Anyway, the cool stuff didn’t end there. The second presentation that got en-“graph”-ed (pun intended) into my brain, was the recommendation engine build for PDI. As a novice developer in PDI, common practices and general use, can be a steep learning curve. With the use of data science, and yes again, Neo4J, a recommendation engine was build, to hand out suggestions when building ETL. The main objective is to simplify the learning curve and help new developers get acquainted with the different elements that PDI holds. Pretty cool in its current use-case but let’s exaggerate a bit when I say “the crowd went wild”. It didn’t take too long for the developers in the room to see the potential it had. Not only for recommendation but also the idea of creating a graph storage for transformation and jobs, or even using it to enforce a certain “company-style” to new ETL-development.

Get graphic

I’m probably biased, since I’ve worked with Kettle and had a dab at Neo4j, but the final presentation that holds some food for thought, was the creation of a data lineage framework with Kettle and Neo4j.

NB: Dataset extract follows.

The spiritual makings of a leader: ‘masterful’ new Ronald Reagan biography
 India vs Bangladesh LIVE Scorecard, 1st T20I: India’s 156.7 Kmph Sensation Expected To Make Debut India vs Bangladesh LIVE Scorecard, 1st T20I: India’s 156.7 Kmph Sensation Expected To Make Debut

Every developer knows the pain of starting at a new project and having zero to none documentation. Vice versa, each business owner knows the pain of having to spend a number of days (and money) on getting a new developer up to speed. So what if you could store your ETL and database structure as a graph? Enabling you to simply query all the information you need. Being able to find which column is situated in which database and which table and even seeing in which ETL-structure the columns is referenced. I’m pretty sure you’re all drooling over the idea and I can’t blame you, so was I.

In conclusion, the first KCM brought to light a few interesting topics and some cool new stuff to learn. It might not hold the complete, historical and famous grandeur of the previous PCM-editions, but it’s the yellow brick road to an improved city of Oz.